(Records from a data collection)
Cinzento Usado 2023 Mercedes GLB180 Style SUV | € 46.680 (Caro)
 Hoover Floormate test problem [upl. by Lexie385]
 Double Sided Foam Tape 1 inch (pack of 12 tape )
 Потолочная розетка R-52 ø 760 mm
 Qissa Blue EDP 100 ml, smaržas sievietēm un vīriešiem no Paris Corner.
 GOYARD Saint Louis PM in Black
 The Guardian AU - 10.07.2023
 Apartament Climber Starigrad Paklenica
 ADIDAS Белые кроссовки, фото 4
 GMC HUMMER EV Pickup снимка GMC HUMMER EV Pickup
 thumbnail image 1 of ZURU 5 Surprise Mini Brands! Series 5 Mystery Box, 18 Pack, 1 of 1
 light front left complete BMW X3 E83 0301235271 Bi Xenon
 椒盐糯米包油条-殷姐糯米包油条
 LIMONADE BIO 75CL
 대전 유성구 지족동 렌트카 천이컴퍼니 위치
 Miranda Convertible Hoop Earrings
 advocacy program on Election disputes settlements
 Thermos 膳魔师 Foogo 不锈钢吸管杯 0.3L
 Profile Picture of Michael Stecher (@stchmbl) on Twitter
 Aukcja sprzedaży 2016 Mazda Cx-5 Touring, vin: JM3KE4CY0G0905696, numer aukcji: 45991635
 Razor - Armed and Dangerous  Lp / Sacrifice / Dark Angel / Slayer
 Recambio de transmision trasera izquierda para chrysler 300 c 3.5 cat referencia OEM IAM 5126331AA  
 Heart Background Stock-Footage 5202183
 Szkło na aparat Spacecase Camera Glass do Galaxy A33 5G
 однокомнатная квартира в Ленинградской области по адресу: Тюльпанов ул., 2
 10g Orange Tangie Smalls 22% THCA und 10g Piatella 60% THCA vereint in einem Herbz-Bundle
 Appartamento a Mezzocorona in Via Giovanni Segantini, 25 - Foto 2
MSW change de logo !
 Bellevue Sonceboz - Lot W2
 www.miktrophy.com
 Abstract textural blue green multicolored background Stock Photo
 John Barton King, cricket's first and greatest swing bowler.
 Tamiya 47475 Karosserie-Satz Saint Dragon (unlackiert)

__Exercise__
Search the data for the string "Stock". List each line that has it.

__Answer section__
 Heart Background Stock-Footage 5202183
 Abstract textural blue green multicolored background Stock Photo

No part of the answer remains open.